Laws drive energy expansion

HIL ANDERSON, UPI Chief Energy Correspondent, ALBUQUERQUE, Apr 14, 2004 (United Press International via COMTEX)

Changes in U.S. tax codes, investment rules and land-use regulations will be needed before the simple economics of supply and demand will be able to attract the large amounts of venture capital needed to feed North America's voracious appetite for energy.

A forum at the three-day Western Governors Association energy summit in New Mexico Wednesday on the financing of future North American energy projects concluded that more legal certainty was needed to encourage investors to be patient and take a chance on promising technologies and individual energy projects that might not produce a huge payoff in the short run.

"Given the long lead times before the revenues come in, who would want to be an early-stage investor in this sector?" James K. Gable, Managing Executive of ChevronTexaco Technology Ventures, asked at the forum sponsored by the corporate law firm of Wilson, Sonsini, Goodrich & Rosati out of Salt Lake City.

Speakers at the forum, which was well represented by venture capital and corporate law sectors, warned that energy projects were more of a long-term investment that often did not produce the kinds of short-term rewards many investors want to see, which can result in venture capital being pulled back before they bear fruit.

The problem, the panelists agreed, was that fledgling companies often have seductive ideas, but are coldly unraveled by shifting short-term regulatory and tax environments that create too much risk.

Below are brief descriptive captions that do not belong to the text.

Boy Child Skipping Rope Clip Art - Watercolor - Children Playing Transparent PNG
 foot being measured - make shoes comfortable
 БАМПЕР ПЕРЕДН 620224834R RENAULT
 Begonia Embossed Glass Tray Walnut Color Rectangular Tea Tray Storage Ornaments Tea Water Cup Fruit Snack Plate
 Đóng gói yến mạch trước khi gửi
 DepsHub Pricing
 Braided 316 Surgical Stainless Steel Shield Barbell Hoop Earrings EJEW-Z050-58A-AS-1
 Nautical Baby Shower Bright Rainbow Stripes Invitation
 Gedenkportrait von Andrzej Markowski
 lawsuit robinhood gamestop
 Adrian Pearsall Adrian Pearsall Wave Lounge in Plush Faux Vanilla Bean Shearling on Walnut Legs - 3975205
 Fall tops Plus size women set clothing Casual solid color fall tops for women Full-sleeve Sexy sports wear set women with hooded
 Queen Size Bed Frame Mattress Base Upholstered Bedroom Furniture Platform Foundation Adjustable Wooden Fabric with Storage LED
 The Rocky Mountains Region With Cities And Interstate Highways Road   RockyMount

"There is no closet full of great companies that don't get funded," observed Erik Straser, a general partner in Mohr Davidow Ventures of Menlo Park, Calif. "The real challenge for the industry is to provide the opportunities."

The forum emphasized the financing of smaller energy projects -- ranging from modest natural gas-fired power plants to the kinds of green projects such as wind farms and solar arrays -- that the energy summit was giving a good deal of attention to during its run in Albuquerque.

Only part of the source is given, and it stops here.